Le syndrome karmaniaque

Encore un karmaniaque!

Celui-ci m’a choisi dans la liste des psychiatres de l’annuaire parce qu’il pensait que j’étais bouddhiste. Il a entendu parler de mes accointances avec les cultures asiatiques, et hop, il a conclu que j’étais du club… Est-il déçu de voir ma tignasse grisonnante et ma cravate rayée, au lieu d’une tonsure, d’une tenue orange et brune, et de je ne sais quelles sandales?* Du tout. Il me rassure. Nul besoin aujourd’hui de signes extérieurs pour appartenir au bouddhisme. Il n’espérait pas du folklore, mais une attitude intérieure, une qualité de conscience spiritualiste. Aïe, j’espère que je ne le décevrai pas trop! Il est vrai que de nos jours, la spiritualité du psychiatre, si ce n’est son appartenance religieuse, font partie des exigences de nombre de patients, genre: « Et ta propre vie intérieure, doc? » Tenez, l’un me demande si je suis musulman, l’autre si je suis juif, un troisième si je suis chrétien. Et même, au téléphone déjà, avant de prendre le premier rendez-vous. L’autre jour, sur mon répondeur, ce message insolite: « Si vous êtes croyant, et à cette condition seulement, rappelez-moi pour me proposer une date. » Hum. Entre nous soit dit, moi je trouve tout ça fort de café, en tout cas fort peu catholique**.

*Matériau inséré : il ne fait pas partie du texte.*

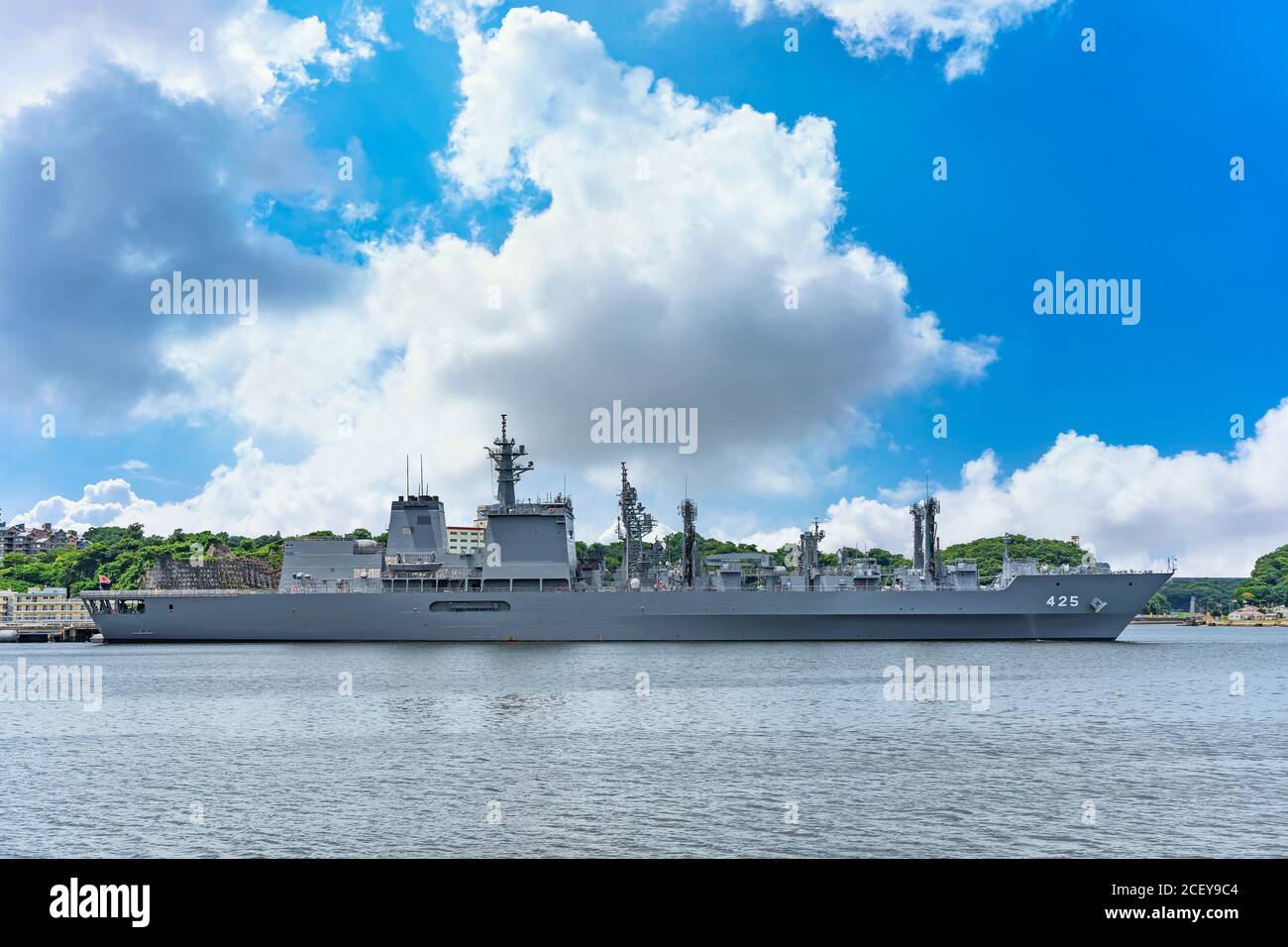 yokosuka, giappone - luglio 19 2020: Vista grandangolare dell'oliatore giapponese di rifornimento JS Masyu AOE-425 ormeggiato nel porto navale di Yokosuka lungo il Miu Foto Stock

Mais revenons à notre adepte de karma. Non, lui dis-je d’entrée, je ne suis pas bouddhiste. Mais en quoi devrais-je vous aider? Il hésite, baisse un instant ses longs cils, comme pour mieux se concentrer, certainement pour puiser dans sa vie intérieure (qu’il doit avoir intense). Peut-être est-il en train de réciter un mantra? Il rouvre les yeux , me confie qu’il a toutes les peines du monde à trouver la paix de l’âme, qu’il subit de brusques accès d’angoisse au point qu’il n’en dort plus depuis quelques semaines. Il n’a jamais connu ça avant. Comble de malchance, la pratique de la méditation (en groupe et individuellement) ne suffit plus à lui procurer le sommeil. Il s’épuise, devient irritable, et l’autre jour, il a frappé sa femme et giflé son enfant, lui qui prêche pourtant la non violence. Insupportable expérience. Il veut se corriger.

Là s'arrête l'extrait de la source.